HAVI Policy Director Testifies Before the House Judiciary Committee on the Community Improving Impact of HVIPs


Community violence intervention is a proven public safety strategy that saves lives, strengthens communities, and reduces repeat violence.

As part of Gun Violence Awareness Month, The HAVI Policy Director Dr. Kyle Fischer testified before the House Judiciary Committee, highlighting the growing body of evidence behind hospital-based and community violence intervention programs. His testimony underscored what communities across the country already know: when we invest in trusted messengers, trauma-informed care, and coordinated community partnerships, we create safer neighborhoods and better outcomes.

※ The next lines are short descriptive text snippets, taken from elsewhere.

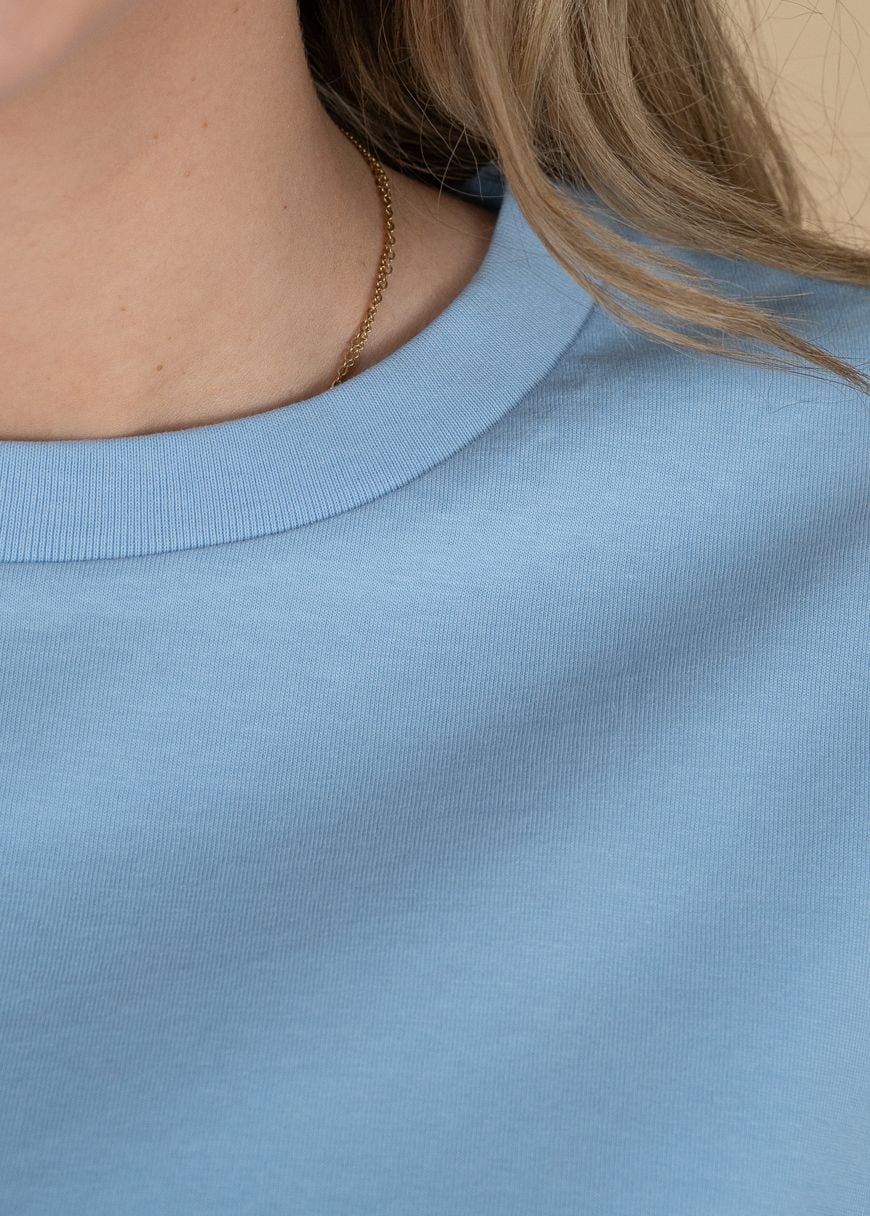 Classic T-Shirt Woman Blue Soul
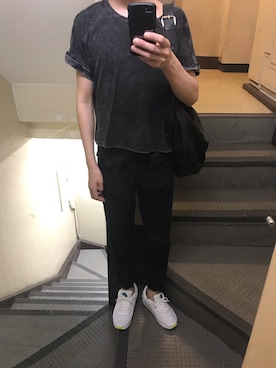 「ANAP（アナップ）のアイテム（パンツ）」を使った、JUNさん（メンズ・167cm）の夏コーディネート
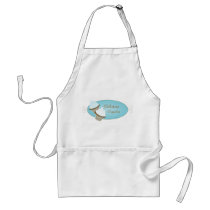 Blue Cupcake Logo Apron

Thank you to the Committee for the opportunity to discuss the importance of sustaining and expanding evidence-based solutions that prevent violence before it happens.

Prepared Remarks:

Opening Remarks to House Judiciary Committee

Kyle Fischer, MD, MPH

Good morning. Thank you, Ranking Member McBath and Members of the House Judiciary Committee for the opportunity to speak today on this critically important issue. My name is Kyle Fischer. I am an emergency physician at the University of Maryland where I see patients in Baltimore and am the Policy Director at the Health Alliance for Violence Intervention. The HAVI is the only national organization that fosters a network of hospital-based violence intervention programs, which help victims of community violence heal and break the cycle of violence. We represent 78 member programs across the country.

Hospital-based violence intervention programs are multidisciplinary strategies that combine the efforts of medical staff with trusted community-based partners to provide trauma-informed care, safety planning, and services to violently injured people. We recognize this moment as a golden opportunity to intervene. Just like smokers are often motivated to quit after a heart attack, violently injured patients are often highly motivated to transform their lives in these critical moments. Our approach deploys violence prevention professionals to make this happen. These individuals are credible messengers who are recruited from the communities they serve, often have a personal history of injury themselves, and have recovered to the stage that they can walk patients through their recovery.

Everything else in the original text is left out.